BRAZIL - PLANE CRASH: Brazilian rescue crews have pulled dozens of bodies from the burned wreckage of a jetliner that skidded off a rain-slicked runway after landing at Sao Paulo's Congonhas airport Tuesday. Officials say they believe at least 200 people were killed when the Airbus A320 jet, owned by Brazil's TAM airline, slid into a building and gas station belonging to the carrier and exploded. The governor of Sao Paulo state (Jose Serra) says none of the plane's 176 passengers and crew could have survived the searing heat of the fire. Many people on the ground were also killed, in what could be the worst aviation disaster in Brazilian history.

NOKOR - NUCLEAR: The South Korean envoy to six-party talks on North Korea's nuclear program says Pyongyang is willing to fully declare and disable its nuclear facilities by the end of this year. South Korea's Chun Yung-woo says the North Korean delegate (Kim Kye Gwan) to the Beijing talks suggested today his country could take action within five to six months. Envoys from the two Koreas, China, Japan, Russia and the United States have spent the day talking about the next steps in a deal to disarm Pyongyang's nuclear program.

JAPAN - QUAKE: A Japanese power company says more radioactive material leaked from an earthquake-hit nuclear power plant than it previously reported.
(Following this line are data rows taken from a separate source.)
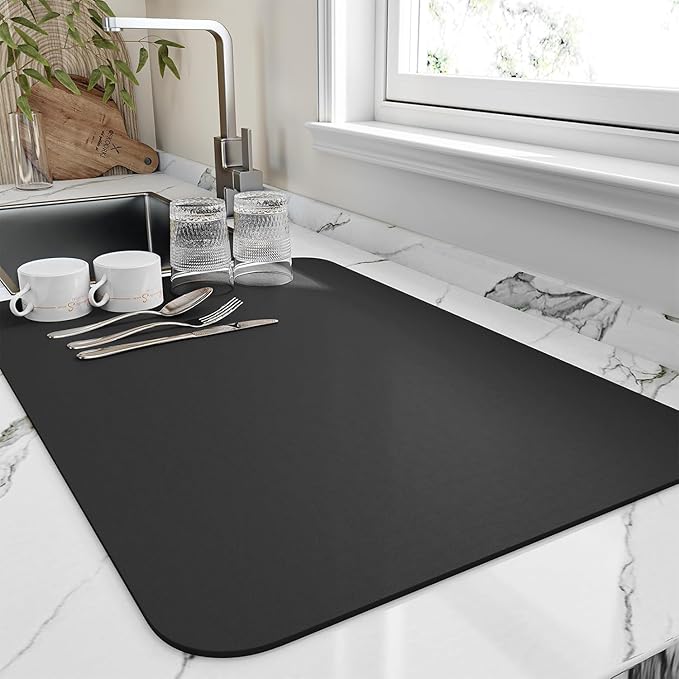 Black dish drying mat on a marble counter with cups, glasses and cutlery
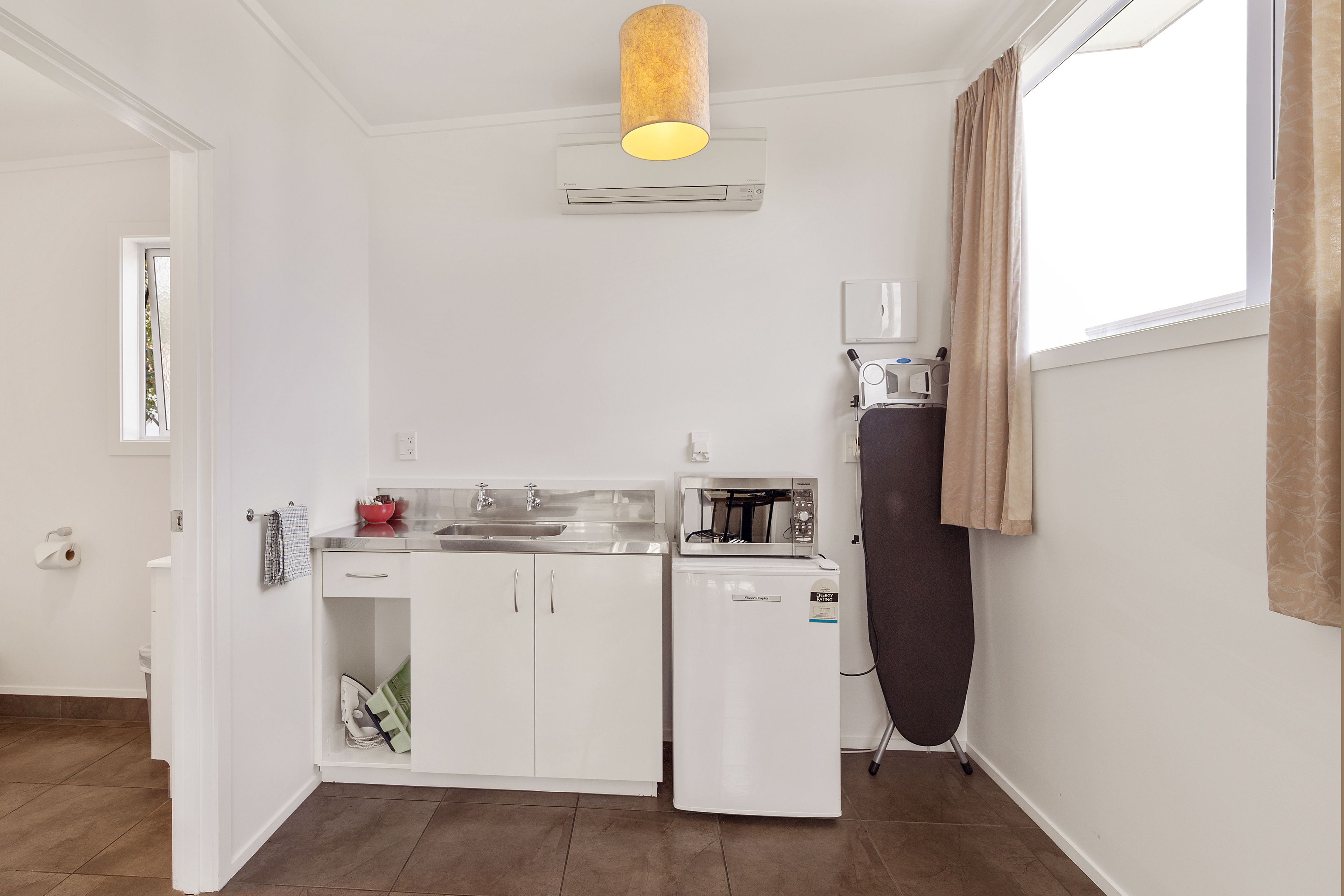 Cocina compacta con armarios blancos, microondas integrado, un refrigerador pequeño y una tetera.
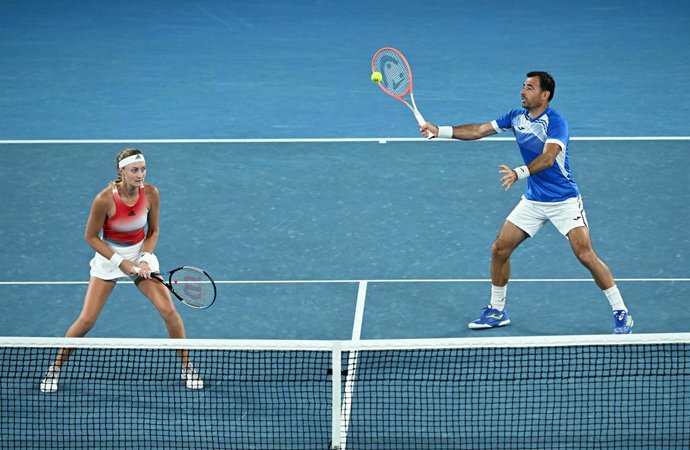 Ivan Dodig of Croatia (right) and Kristina Mladenovic of France during their Mixed Doubles Final against Jaimee Fourlis and Jason Kubler of Australia on Day 12 of the Australian Open, at Melbourne Park, in Melbourne, Friday, January 28, 2022. (AAP Image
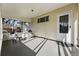 Enclosed porch with comfortable seating and natural light creates a welcoming atmosphere at 2975 S Jackson St, Denver, CO 80210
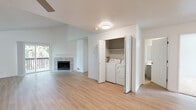 Located in Beaverton, Oregon, this single-floor residence at 14305 SW Sexton Mountain Dr offers a well-designed layout with a clean, contemporary aesthetic throughout. The open living area is a standout feature, boasting soaring vaulted ceilings, a ceiling fan, and light wood-look flooring that creates a bright and airy atmosphere. A tile-surround fireplace serves as the focal point of the living room, complemented by a sliding glass door that opens to a private balcony with views of surrounding greenery, allowing natural light to flow generously into the space. The kitchen is equipped with stainless steel Frigidaire appliances, including an electric range and over-the-range microwave, paired with white cabinetry and light countertops. A dedicated in-unit laundry closet with a full-size washer and dryer adds everyday convenience. The bedroom features plush carpeting and a sliding door with direct access to the balcony, offering a peaceful retreat. The bathroom includes a tub-shower combination with clean white surrounds, wood-look tile flooring, and a vanity with updated gray cabinetry. Throughout the unit, a neutral color palette and textured ceilings contribute to a fresh, move-in-ready feel.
The Tokyo Electric Power Company, which operates the nuclear plant in Kashiwazaki, says the level of radiation in water that leaked into the Sea of Japan was one-and-a-half times higher than initially estimated. The company says the leak still is not a health threat. Tokyo Electric has also acknowledged that around 100 barrels containing low-level nuclear waste tipped over and some lost their lids during Monday's six-point-eight magnitude earthquake.

BURMA - CONSTITUTION: Burma's military government has begun what it says is a final round of talks on a new draft constitution. The National Convention opened today at a tightly guarded center about 40 kilometers north of Rangoon. Information Minister Kyaw Hsan says the talks could last at least a month and a half. They have been ongoing for the past 14 years. The military says it will put the final draft charter up for a referendum, a key step in its so-called "roadmap to democracy" and free elections. No timetable has been set for that process. Critics of the process say the military is using the new charter to solidify its grip on power.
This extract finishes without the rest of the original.